- _Activity_: Each and every line below goes into your answer unchanged, but leave out the images.

- _Provided material_:
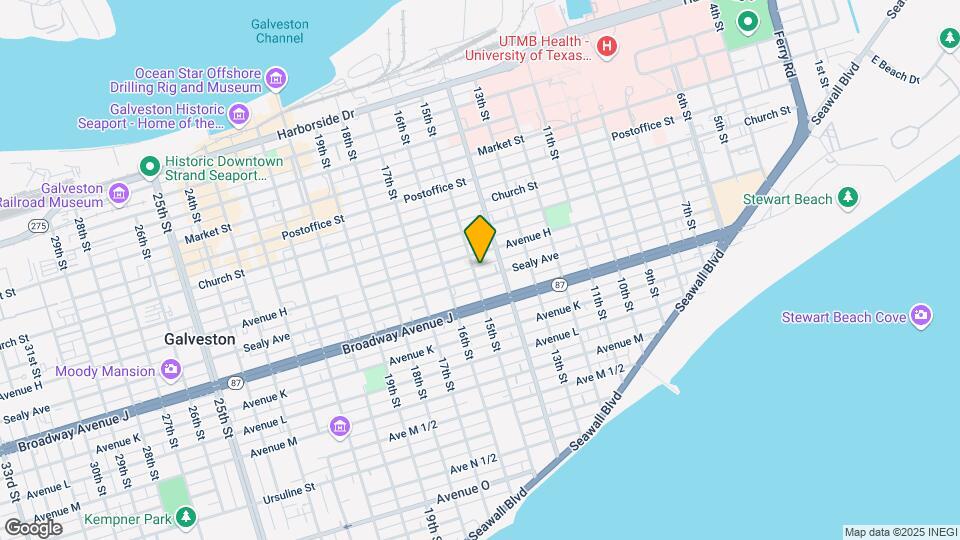 1426 Sealy St Mapa y Detalles de la Ubicación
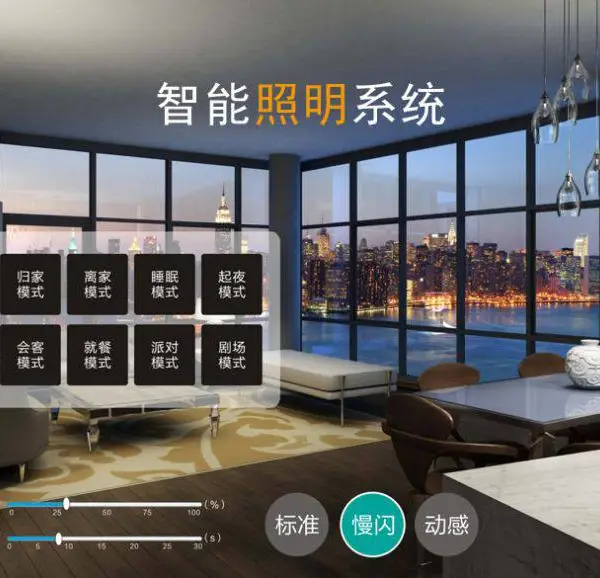 西段智能灯光控制管理应急指示灯灯光控制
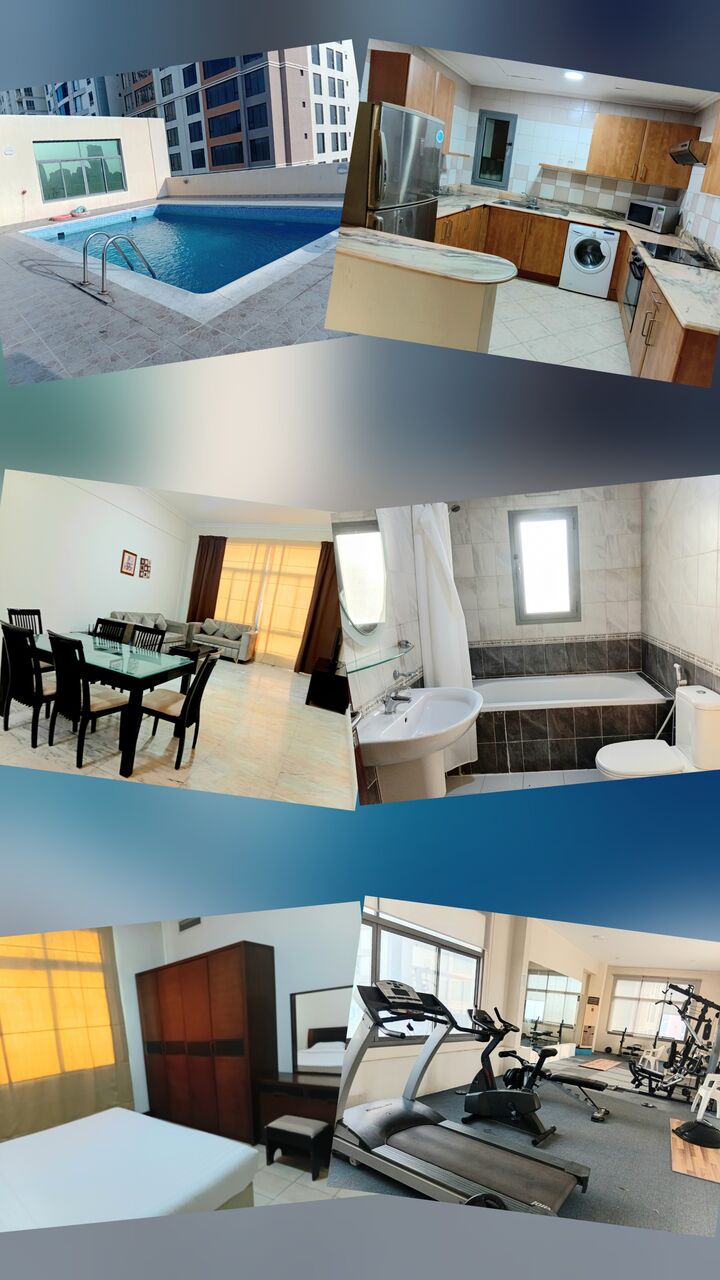 Juffair, Apartments, Flats, Houses & Villas, BHD 300/month,  Furnished,  2 BR,  Fully-furnished | Juffair | Parking | Wifi | Pool | Gym | H.keeping | BD30 EWA Lmt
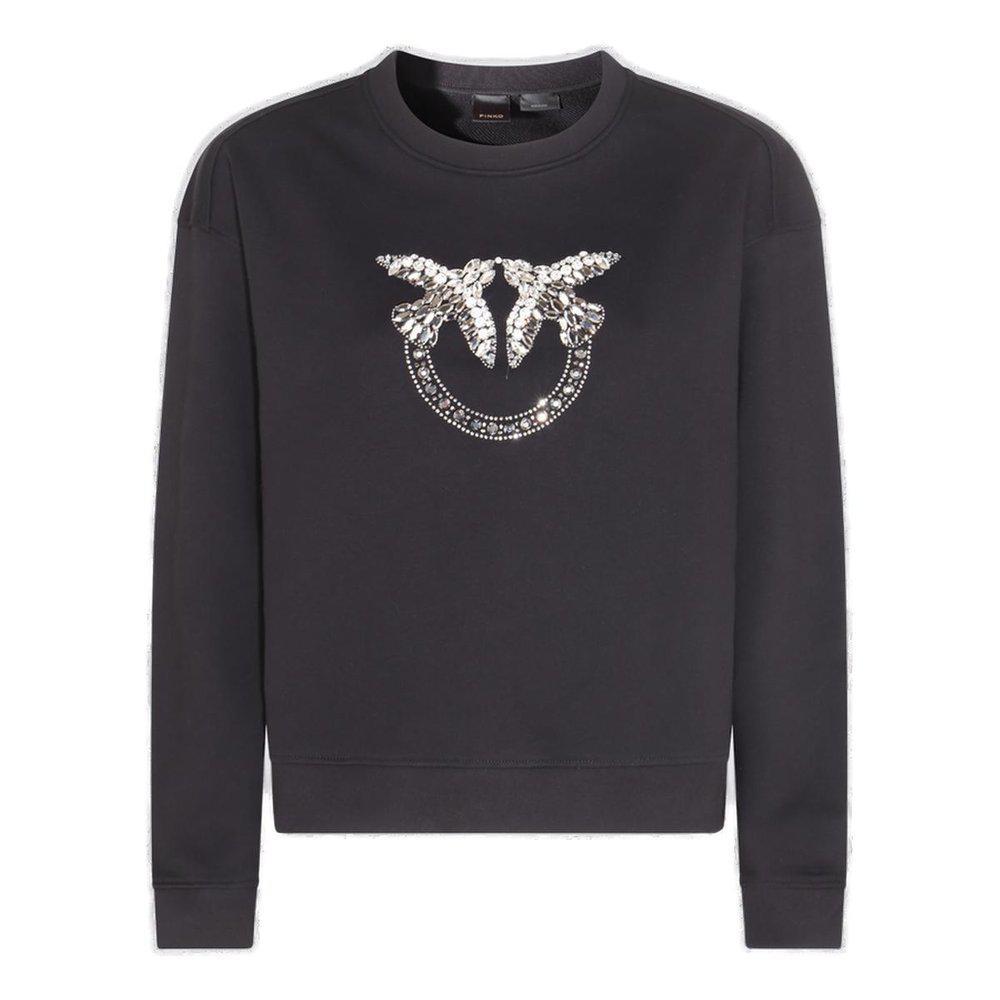 商品PINKO|Pinko Love Birds Embellished Sweatshirt,价格¥1140,第1张图片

- _Exercise output_:
 1426 Sealy St Mapa y Detalles de la Ubicación
 西段智能灯光控制管理应急指示灯灯光控制
 Juffair, Apartments, Flats, Houses & Villas, BHD 300/month,  Furnished,  2 BR,  Fully-furnished | Juffair | Parking | Wifi | Pool | Gym | H.keeping | BD30 EWA Lmt
 商品PINKO|Pinko Love Birds Embellished Sweatshirt,价格¥1140,第1张图片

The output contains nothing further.